Maalesef ki bu, gerçek hayatımda ne yapacağımı bilmediğimden daha fazla boş zamanım olduğu anlamına geliyordu. Kütüphane ise burada devreye giriyordu.

Kendimi eski fantezi kitapları ararken buldum. Bunun farkında olmayabilirsiniz ancak fantezi romanları insanlığın kendisi kadar eskidir. Örnek vermek gerekirse İncil bile temelde fantezi romanıdır.

“Dört Azizin Silahları mı?”

Nedense, neredeyse okunamayacak kadar eskimiş başlığı olan bir kitap aniden raftan düştü. Belki de onu oraya koyan son kişi dikkatsizce koymuştu? Yoksa bu kader miydi? Her neyse bir sandalyeye oturdum ve okumaya başladım.

*sayfayı çevirir*

*sayfayı çevirir*

Görünüşe göre, dayanılmaz ayrıntılarla olayın üzerinden başlayan kitaplardan biriydi. Bilmeyi gerektiren çok şey vardı ama işin özü, dünyanın sonunu bir kehanetin önceden bildirmesiydi. Kehanete göre, dünya dalga dalga felaketlerle yok olacaktı. İnsanlar bu felaketi durdurmak için başka bir dünyadan onları kurtarmaları için kahramanlara çağrıda bulundular.

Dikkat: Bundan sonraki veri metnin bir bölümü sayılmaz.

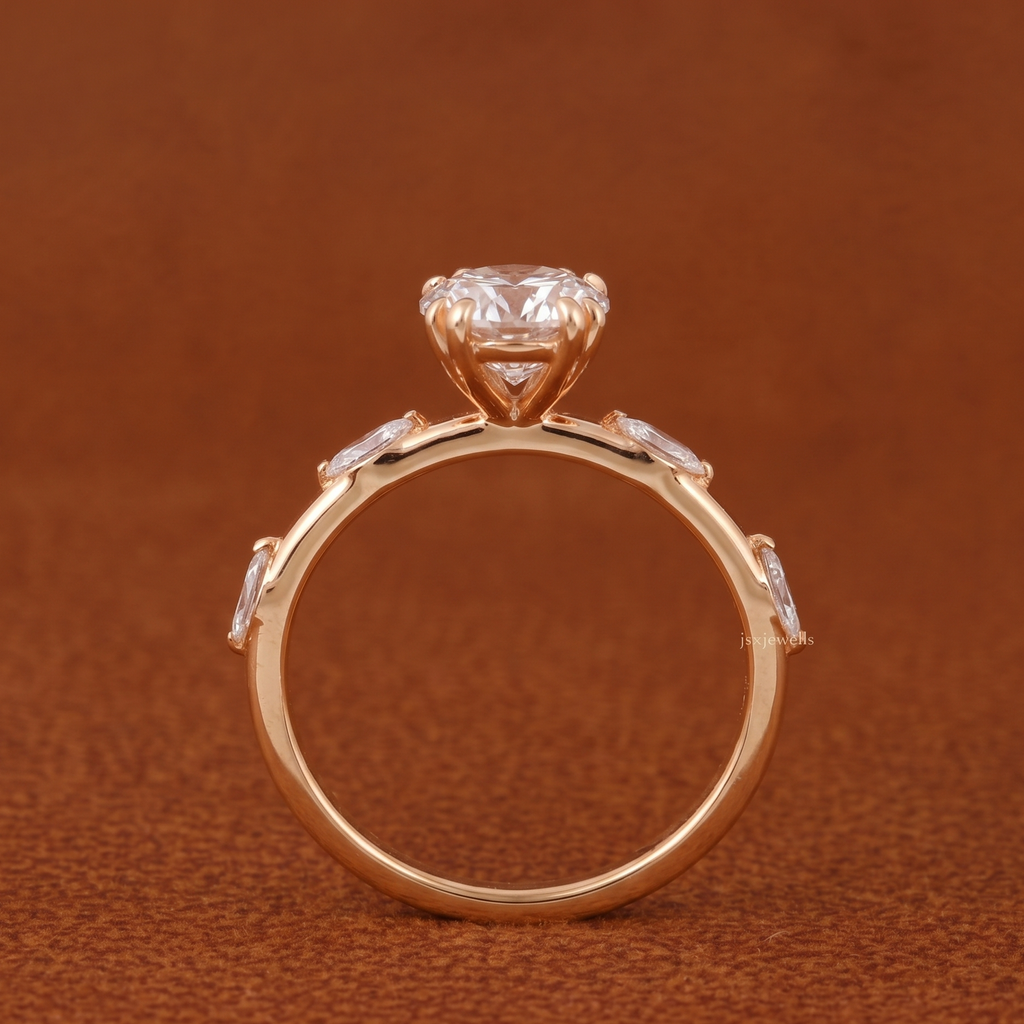 3 Ct Oval And Marquise Cut Lab Grown Diamond Engagement Ring, Side Marquise Diamonds Wedding 5 Stone Anniversary Ring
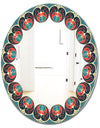 Blue and Orange Pattern - Mid-Century Mirror - Oval or Round Wall Mirror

“Oldukça klişeleşmiş bir olay örgüsü ama sanırım bir antikadan çok şey bekleyemem. Okumaya değer bir çerezlik.”

Dört silah kullanan dört kahraman çağırıldı: Kılıç, mızrak, yay ve kalkan.

“Hah! Ne? Kalkan bir silah bile değil. O bir zırh!”

Alaycı bir şekilde güldüm ama okumaya devam ettim. Sonunda kahramanlar felaket dalgasıyla savaşmak adına güç kazanmak ve becerilerini geliştirmek için bir yolculuğa çıkarlar.

*esner*

Bir anda uykum geldi. Cidden okuyucunun ilgisini çekmek için sevimli bir kız koysaydılar ölürler miydi? Yani teknik olarak bir prenses vardı ama tam bir kaltak gibi gözüküyordu. Kahramanlara yanaşma şekli tam anlamıyla iğrençti. Mesela bir adam seç ve ona bağlı kal değil mi?

En azından yeterince iyi bir karakter kadrosu vardı. Atılgan kılıç kahramanı ve düşünceli mızrak kahramanı, Robin Hood benzeri yay kahramanı, yozlaşmış bir krallığı devirmek için çalışıyor. Fakat hikâye dikkatini kalkan kahramanına çevirdiğinde…

“Ne?”

Sayfalar arasında gezerken istemsizce nefesimi tuttum. Kalkan kahramanı ile ilgili sayfalardan sonraki tüm sayfalar boştu. Ne kadar bakarsam bakayım sayfalar bomboştu.

“Bu da ne böyle?”

Ne olduğunu anlamadan önce gözlerim karardı ve bilincim kapanmaya başlamıştı. En çılgın rüyalarımda bile bunun gibi bir dünya olacağı aklımın ucundan geçmezdi.